Aside from the fact that "Debian/etch" only tells me you are running
Linux, which is off my turf, I don't see some basic information that 
is probably needed to help you.  What version of Mailman?  What
version of Python?  Are these local compiles from source, or are they
prepackaged versions downloaded from elsewhere (rpm files or whatever
Debian uses for precompiled packages)?  If prepackaged, where did they
come from?  Is this a new installation, or one that has been running
for a while?

If I read you correctly, you've got a Python module running in some
sort of a loop.  What's the name of the module?  

Have you checked basics, such as whether your Qrunners are all
running?  Have you tried stopping and restarting Mailman.  Are you
continuing to try to analyze and debug your problems  (Mailman, MTA,
Apache log reading, determining what's in the files that are not being
processed, etc.)?  Have you trolled through the Mailman FAQ for
clues?  Or are you just sitting there waiting for somebody---anybody---
to give you the magic answer. (Sorry, I don't have that).
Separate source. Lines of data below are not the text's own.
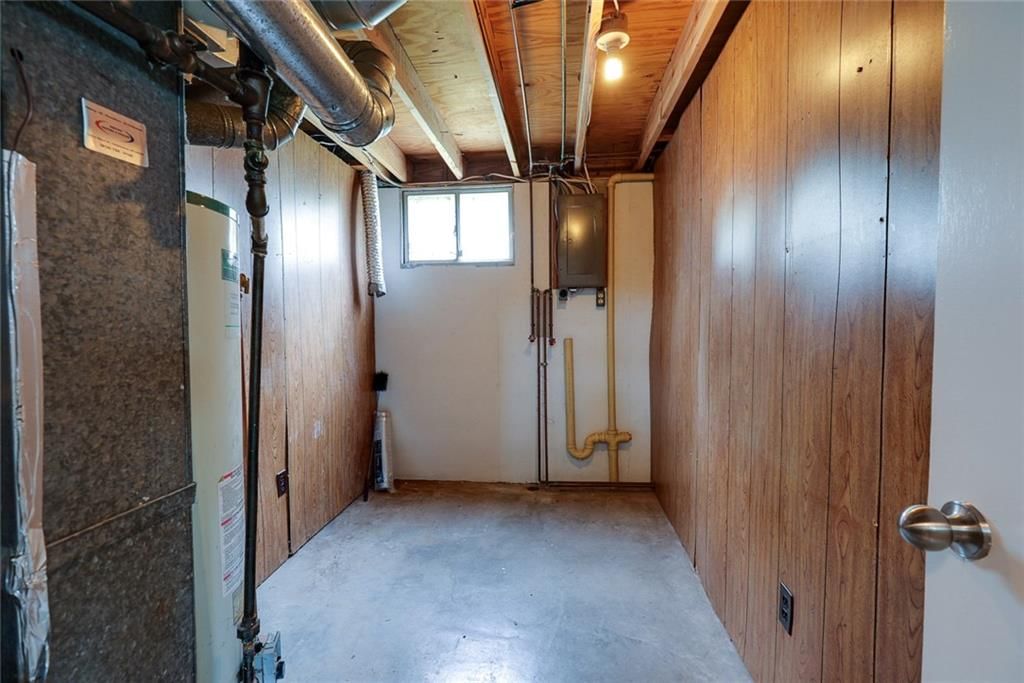 1506 N Holland Court — photo 35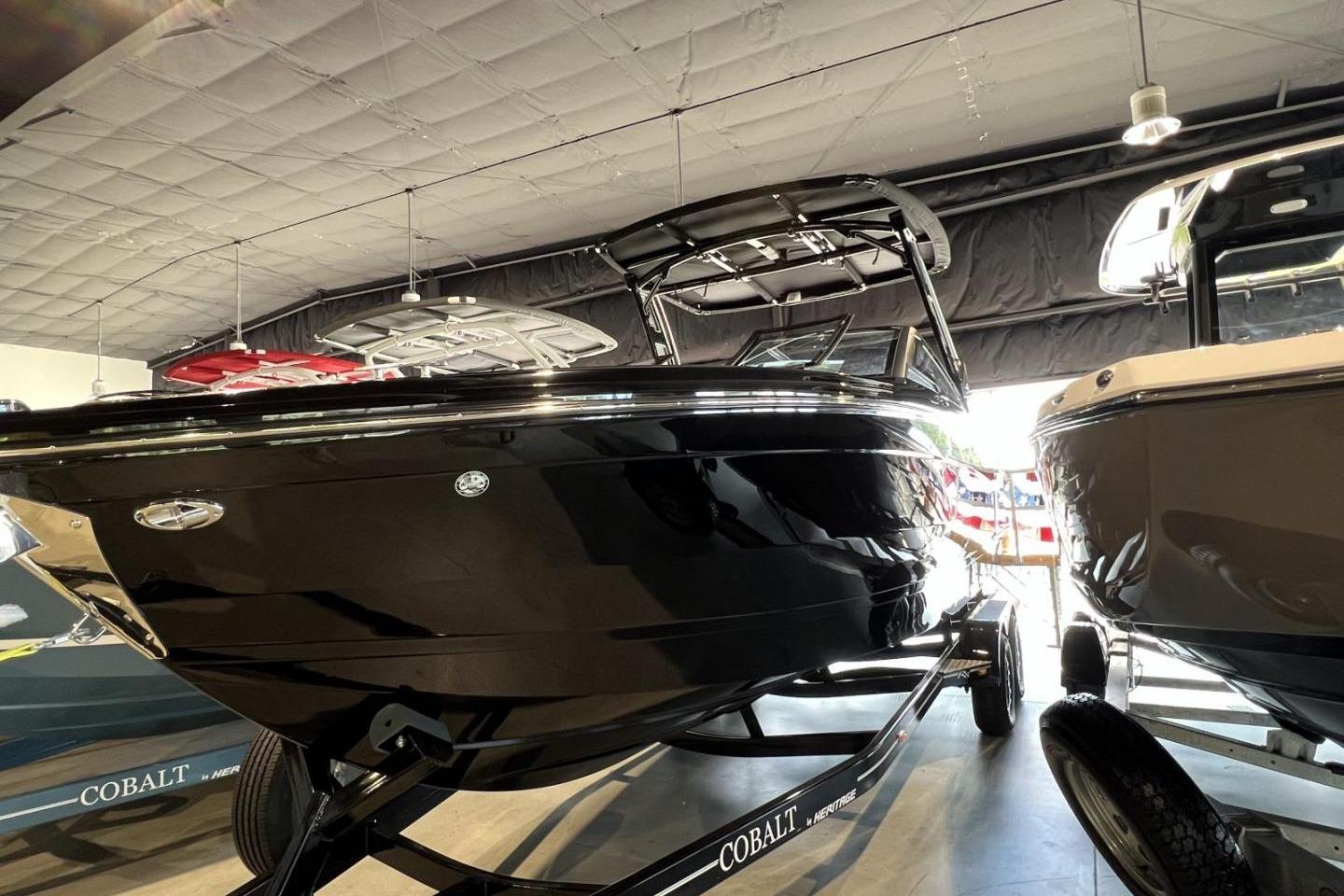 2026 Cobalt R8 Surf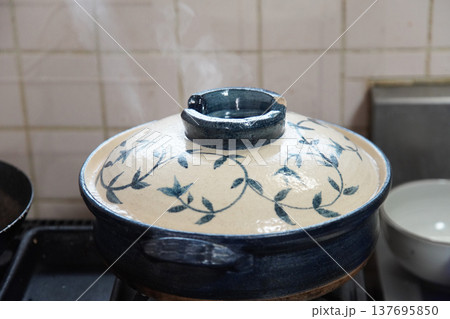 土鍋でごはんを炊く様子 土鍋でごはんを炊く様子 137695850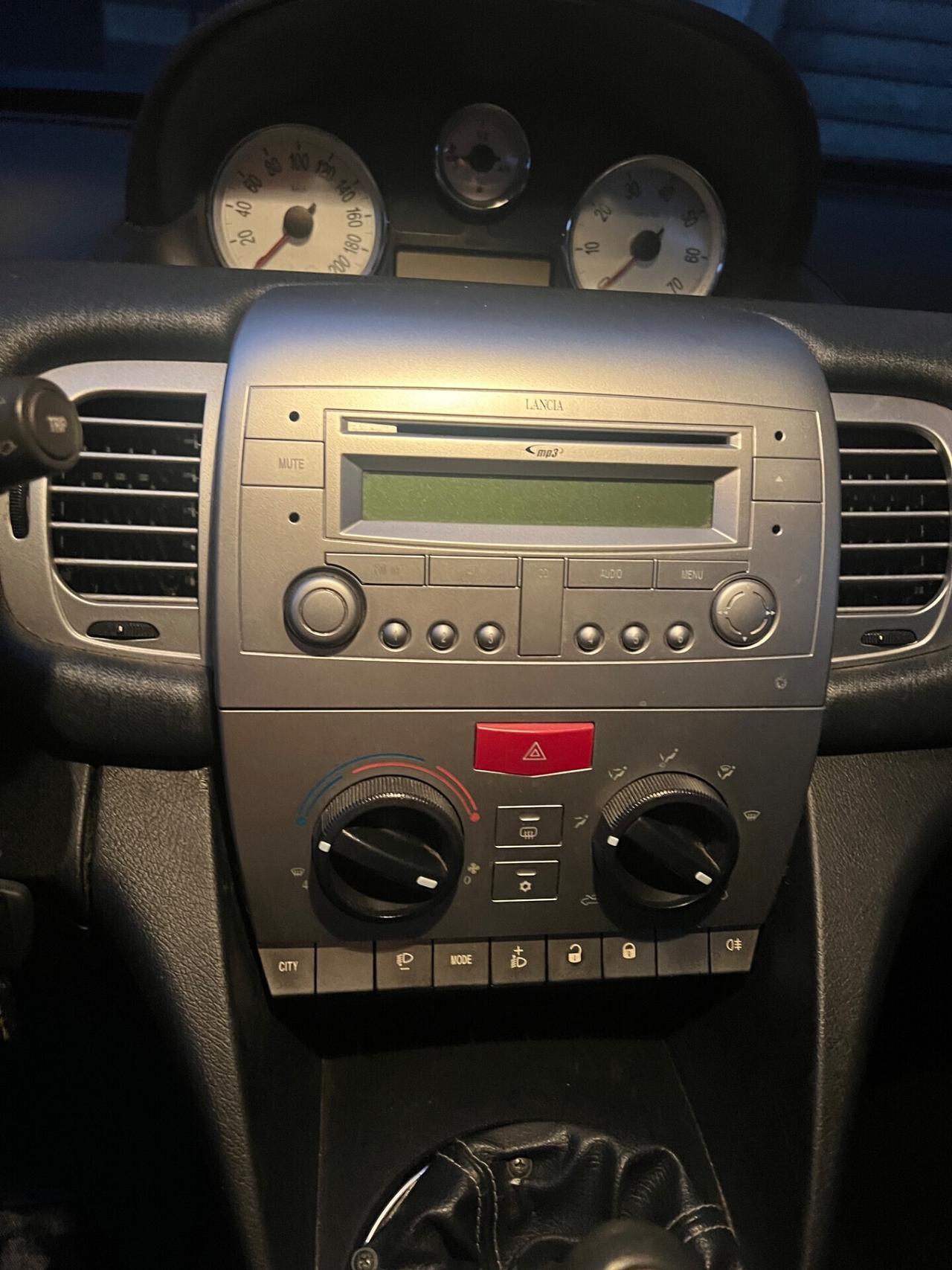 Lancia Ypsilon 1.4 Unyca Ecochic GPL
I don't know where the Mailman developers are this fine Memorial Day
Weekend Saturday morning.  Maybe out playing golf.  They are
volunteers, donating their time, and that last thing I expect is to
have them jump when somebody says "frog."  In the meantime, I'd
suggest that you gather up the basic configuration information,
provide it here, and continue your own debugging efforts.